Now the bin directory should contain:

Optionally, you can also re-generate this manual (if you have doxygen installed on your machine), as follows:

  cd doc
  doxygen
  cd ..    

Then doc/html/ will contain this manual in HTML format.

The CEAL compiler

cealc is a perl-script wrapper for cilly, and cilly is itself a perl-script wrapper for CIL and gcc. Check out http://cil.sourceforge.net/ for information about both CIL and cilly. The purpose of this script is to invoke cilly with the right options to translate CEAL source code into C target code (and by default) compile it to a native binary via gcc. Its use is analogous to cilly, whose use is itself analogous to gcc: supply one or more source files as arguments and it will compile a binary a.out.

Many gcc options work here too. The -o option can be used to redirect the output. The -c option can be used to create an object file only. As a general rule, any flag accepted by either gcc or cilly can be passed to this process and it will pass it along down the line as necessary. This fact is largely the result of the fact that cilly accepts options recognized by gcc and "does the right thing with them".

Special Options:

Preliminaries and Terminology

In this section we review the key notions involved in self-adjusting computation. Conceptually, a self-adjusting computation is made up of two stratified levels called meta and core, respectively. The core-level portion of the program (hereafter, the core-program) consists of the code that we expect to respond automatically to changes in its data (e.g., its input). The meta-level portion of the program (hereafter, the meta-program) is able to run one (or more) core programs, change their inputs, and automatically update the core outputs via a general purpose change-propagation mechanism. Although using the terms "core-program" and "meta-program" gives the impression that these levels run as separate executables, in fact both portions of the code are compiled and run together as a single executable; we use the term "program" loosely here to refer to a portion of code with a well-defined entry-point (e.g., a function and all the functions it calls)---not a separate binary executable.

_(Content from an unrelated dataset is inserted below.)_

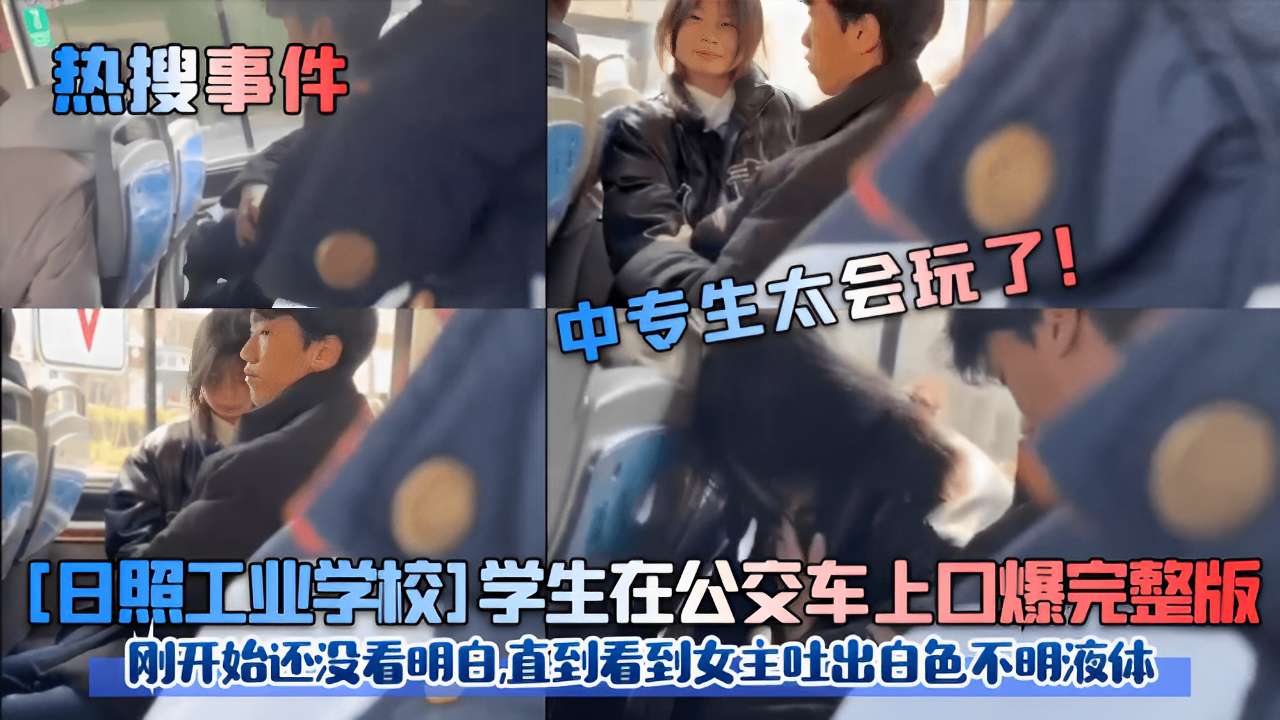 热搜事件日照工业学校学生在公交车上口爆完整版刚开始还没看明白直到看到女主吐出白色不明液体封面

At a high-level, a typical meta-program is structured as follows. First it performs an initial-run of a core program:

  1. construct initial core input
  2. run core program
  3. inspect core output  

In the initial run (also referred to as the from-scratch run), the self-adjusting framework transparently creates an execution trace. The trace describes the dynamic data and control dependencies of the core program's run, and records how the core program produced its output (and intermediate results, etc.) from its input.

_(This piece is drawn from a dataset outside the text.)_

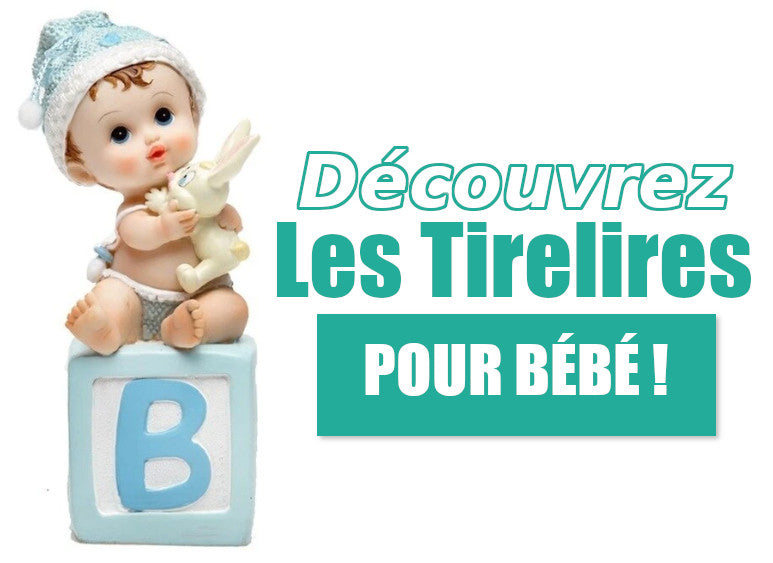 collection tirelires pour bebe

After the initial run, the meta program makes one or more changes to the core input. To get the output associated with the changed input in a conventional programming paradigm, the meta program would re-invoke the core program from-scratch to recompute the new output. However, in the self-adjusting setting the meta program uses change-propagation to automatically update the core output with respect to the input changes. Behind the scenes, change propagation uses the core program's execution trace to selectively re-execute the executions steps that are affected by the changes.

  4. repeat:
      4.A change core input
      4.B propagate changes
      4.C inspect updated core output 

The meta-program benefits from a self-adjusting core program when it is faster to use change propagation to update the output than to to recompute it from-scratch. There is a sizeable class of programs for which this performance benefit is asymptotic (e.g., for small changes, change propagation can sometimes be faster by a linear factor over recomputing from scratch). Although it may also be slower in some cases, it is only ever slower by a constant factor (again, when compared to running from scratch).

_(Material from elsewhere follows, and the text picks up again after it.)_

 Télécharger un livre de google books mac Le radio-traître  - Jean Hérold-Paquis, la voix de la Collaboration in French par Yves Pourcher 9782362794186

We often say that a core program is stable for a certain class of input changes if we can show that for any such change, change propagation will always update the core output in a desirable amount of time. The property of a core program being stable is usually relative to which kinds of input changes we want to consider, and possibly the size of the input itself. As an example, consider a core program that produces a sequence of sorted elements given an unsorted input sequence. We might consider an input change to be an insertion or deletion of an input element. Then we might say the core program is stable if change propagation can respond to such a change in time O(log n), where n is the total number of input elements. In this case, the time for handling a small change via change propagation is consistent with the optimum time for maintaining a sorted list of elements under insertions and deletions.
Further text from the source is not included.